NASA's human spaceflight efforts have long been geared toward eventually putting boots on the Red Planet. But the agency should think seriously about ditching this plan, for the benefits of a manned Mars mission may not justify its enormous costs, said space architect Brent Sherwood of NASA's Jet Propulsion Laboratory in Pasadena, Calif.
"Our rationale for exploring Mars, I think, is perhaps fatally weak," Sherwood said during a presentation with NASA's Future In-Space Operations working group Wednesday (Aug. 1).
Sherwood's presentation during a weekly FISO group meeting occurred just days ahead of the huge NASA Mars rover Curiosity's landing on the Red Planet. Curiosity, a 1-ton robot built to explore Mars for two years to determine if microbial life could have ever survived on the planet, will land today (Aug. 5) at 10:31 p.m. PDT (1:31 a.m.

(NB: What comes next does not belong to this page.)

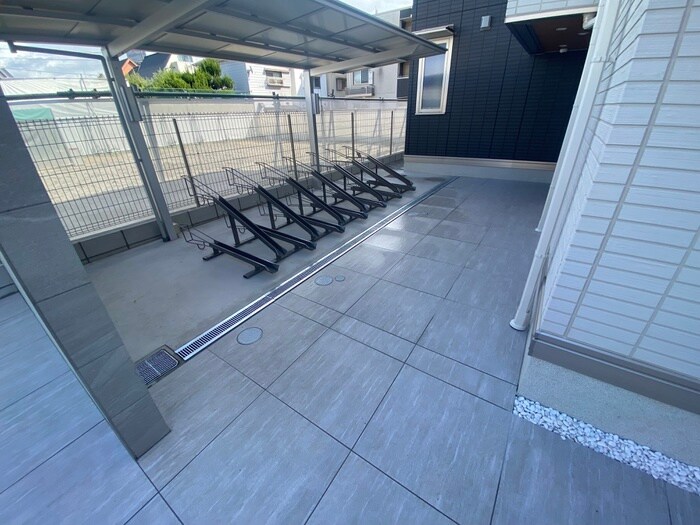 物件外観写真4　(駐輪場)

EDT, 0531 GMT on Aug. 6).
"I would suggest that maybe instead of whining about not getting enough money, we ought to quit that and redesign our human spaceflight product for success," he added. [Giant Leaps: Top Milestones of Human Spaceflight]
Red Planet dreams
The urge to explore is part of human nature, and Mars has been an inviting target for the better part of a century.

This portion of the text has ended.